■ TASK REQUIREMENTS
Every entry below must be retyped exactly, and the pictures must be left out.

■ SUPPLIED MATERIAL
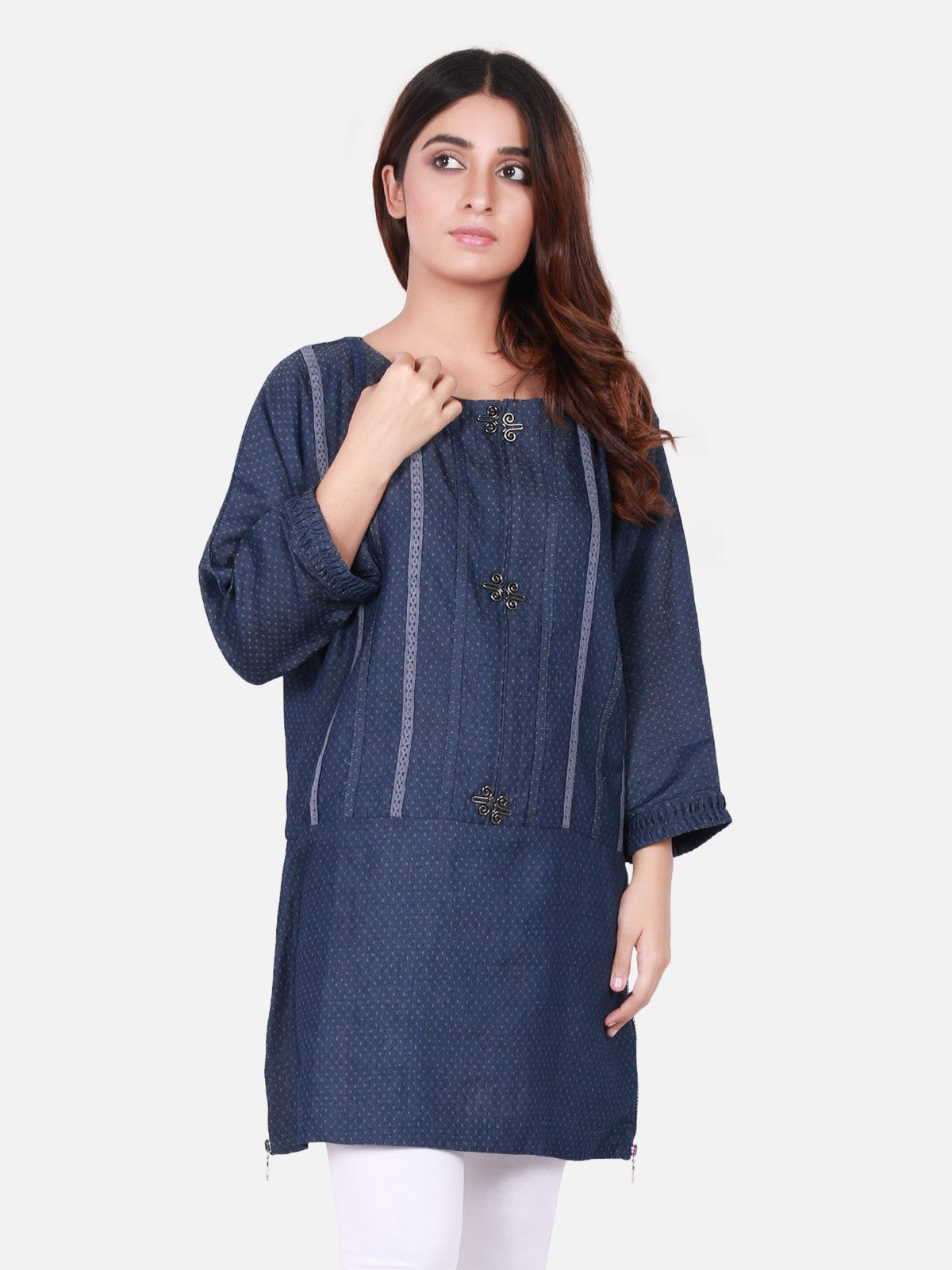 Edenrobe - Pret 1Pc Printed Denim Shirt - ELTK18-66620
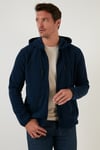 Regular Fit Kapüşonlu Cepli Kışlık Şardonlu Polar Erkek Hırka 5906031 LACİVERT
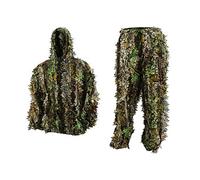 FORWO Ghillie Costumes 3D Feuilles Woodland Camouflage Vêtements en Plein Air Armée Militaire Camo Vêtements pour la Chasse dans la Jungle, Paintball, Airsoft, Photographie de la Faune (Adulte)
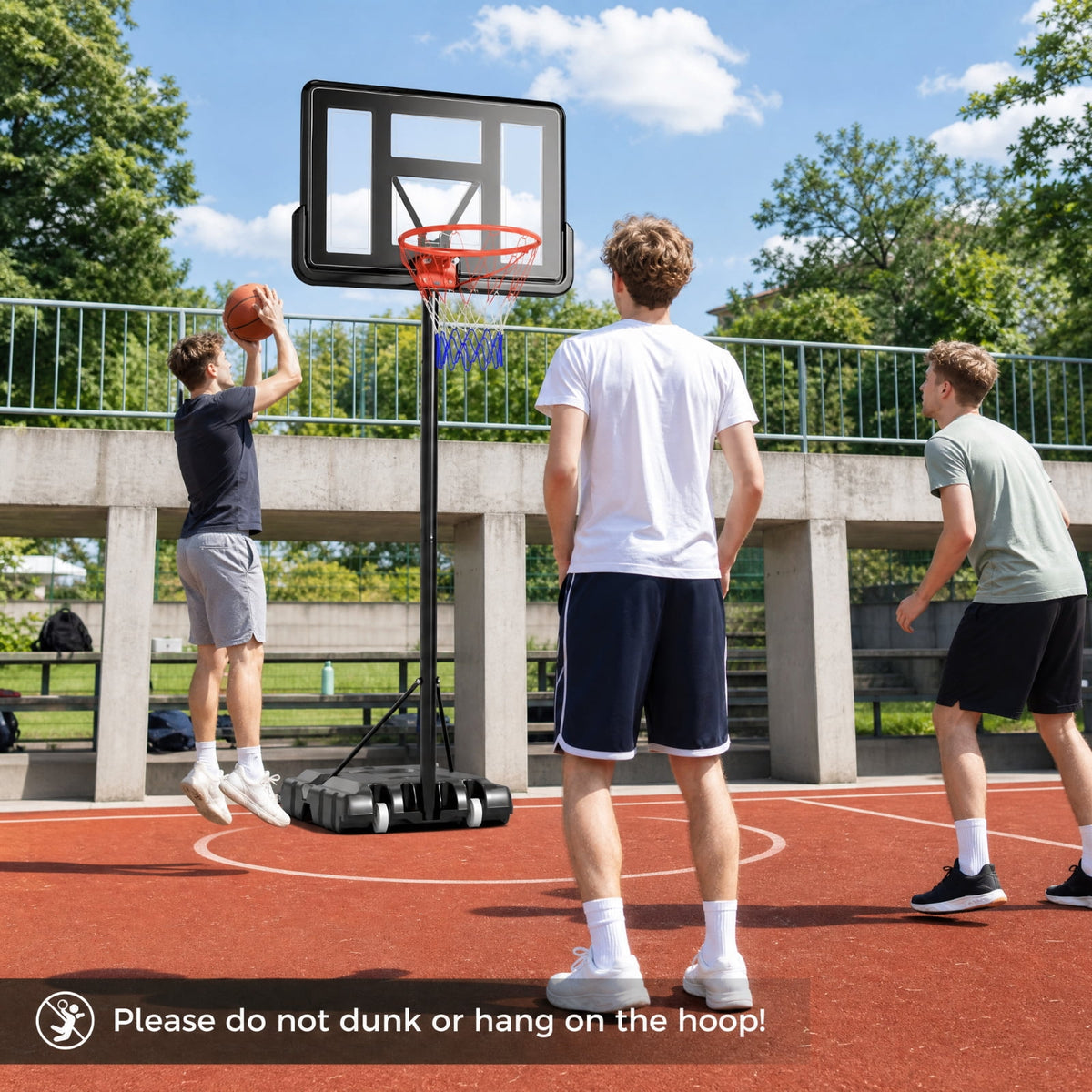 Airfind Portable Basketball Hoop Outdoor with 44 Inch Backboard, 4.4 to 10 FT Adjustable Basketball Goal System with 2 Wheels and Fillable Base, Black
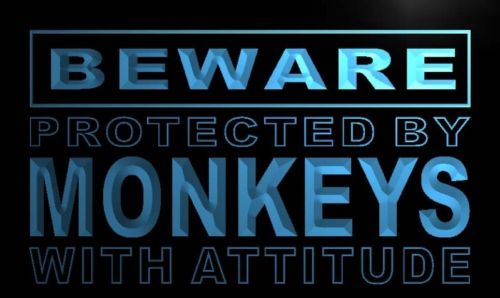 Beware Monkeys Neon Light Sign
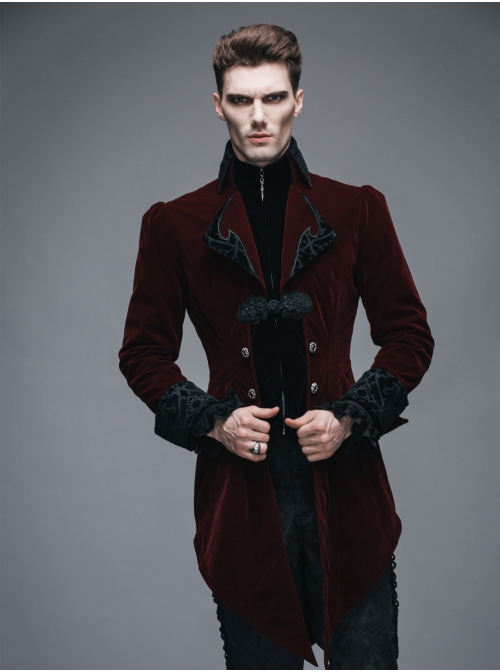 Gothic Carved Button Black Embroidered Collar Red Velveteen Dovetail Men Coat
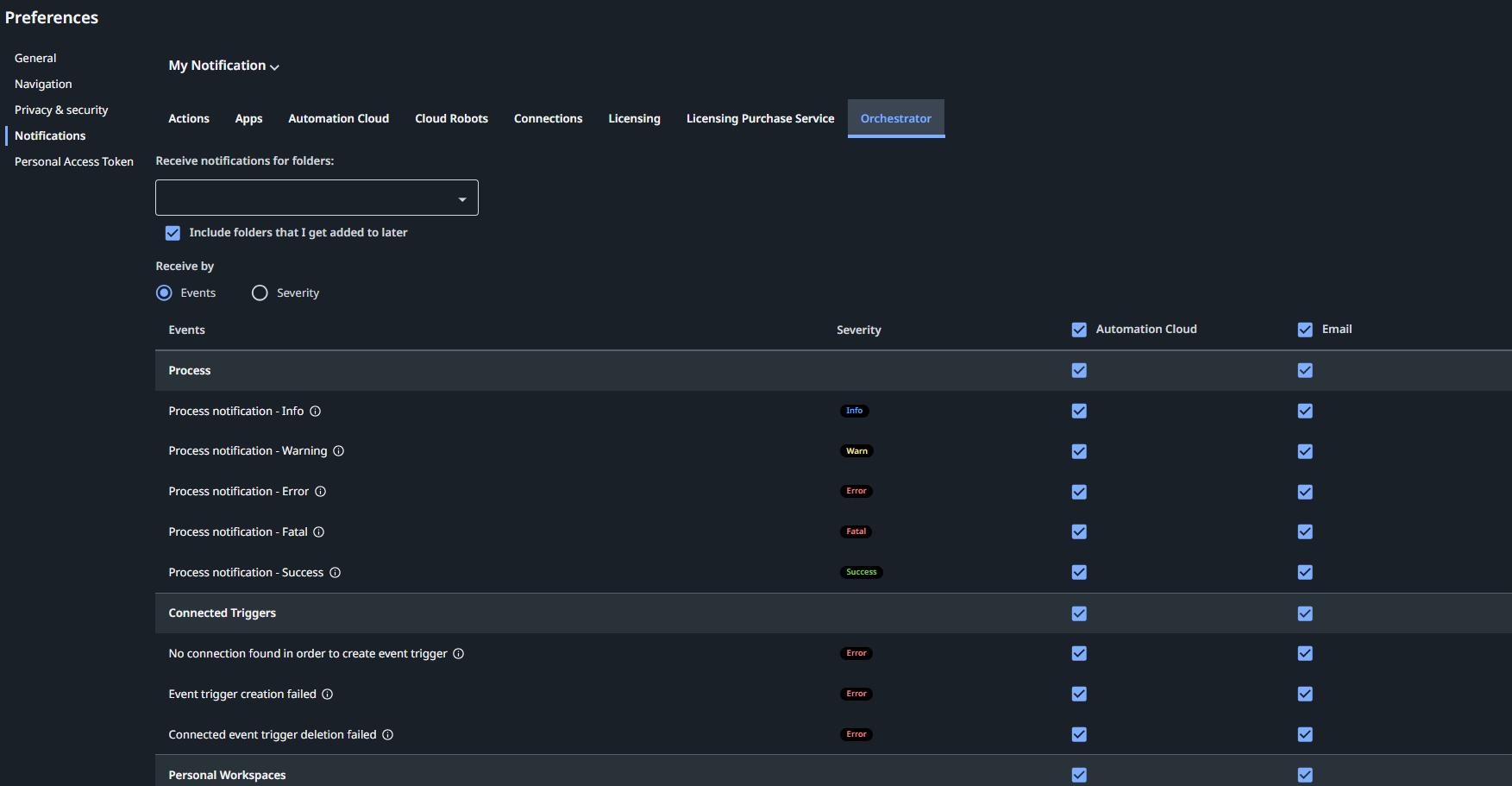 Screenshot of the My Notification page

■ OUTPUT
 Edenrobe - Pret 1Pc Printed Denim Shirt - ELTK18-66620
 Regular Fit Kapüşonlu Cepli Kışlık Şardonlu Polar Erkek Hırka 5906031 LACİVERT
 FORWO Ghillie Costumes 3D Feuilles Woodland Camouflage Vêtements en Plein Air Armée Militaire Camo Vêtements pour la Chasse dans la Jungle, Paintball, Airsoft, Photographie de la Faune (Adulte)
 Airfind Portable Basketball Hoop Outdoor with 44 Inch Backboard, 4.4 to 10 FT Adjustable Basketball Goal System with 2 Wheels and Fillable Base, Black
 Beware Monkeys Neon Light Sign
 Gothic Carved Button Black Embroidered Collar Red Velveteen Dovetail Men Coat
 Screenshot of the My Notification page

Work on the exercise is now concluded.